I hope to be able to determine soon. If I conclude to
stay I shall come after you, or send. If I dont stay I
hope to be with you soon. Did your things come
safe to hand? What else shall I bring if I come to spend
the winter with you, & dont conclude to buy that farm?
I am sitting for my portrait again on condition that
Br. Green shall give it to my family in case I should
be taken away. I wish you were here to have yours taken.
If we board & Emily Seely comes with us can you &
she get along with the work? Can they make room
for her at Br. Dunn's. If we keep house what do you
say to going to Stephentown Br. Beach's house is empty?

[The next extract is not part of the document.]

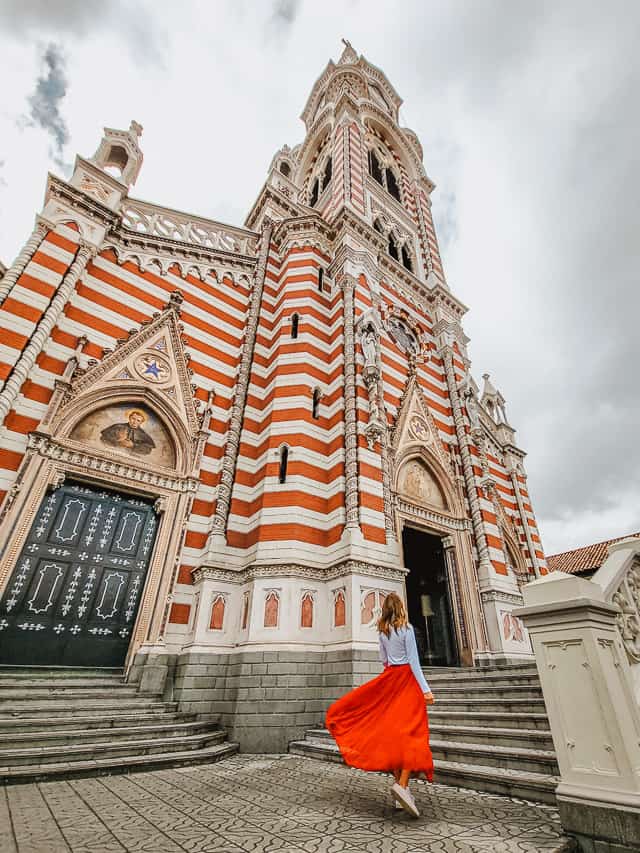 A woman in a white shirt and red skirt walks up to a church constructed in rows of alternating red and white bricks (the candy cane church).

It is near Judge Platts. No religious privileges there.
I suppose we might get a house in Rome but I
hate a village & besides it is unhealthy there.
Br. Dunn will I suppose at all events keep us this
winter if I come back there. Let me know immediately
what you think as if I come there I want to make arrange
ments accordingly. I dont know what to do with our
furniture it is scattered here & there? Shall I sell it or no?
I should think Br. Ingersolls folks must have been
nearly deranged by the manner in which they left things.
Br. Green has not been after Foote & I dont know
as he will go. Br. Spencer is to be here this week.
Perhaps I shall stay & get him to help.
If I leave the city my mind is to be dismissed
from the church. Should I get well I can come
& labor here as well as if I was pastor & while
I am pastor the church will never be satisfied
with any one else. I must throw them off from all
dependence on me. as I fear they are trusting
in an arm of flesh. Where is Charles' knife?
My ruler I found in the stand drawer.
Br. Greens number is altered to no.17 instead of 7.
I want to see you unspeakably. Give the babes many
sweet kisses for Pa. Tell them I try to pray for them.
Weather remarkably pleasant here. Our congregations
large as ever. Bible casses filling up again.
All send love. Your husband. C. G. Finney.
Love to that Dr. family & to all friends.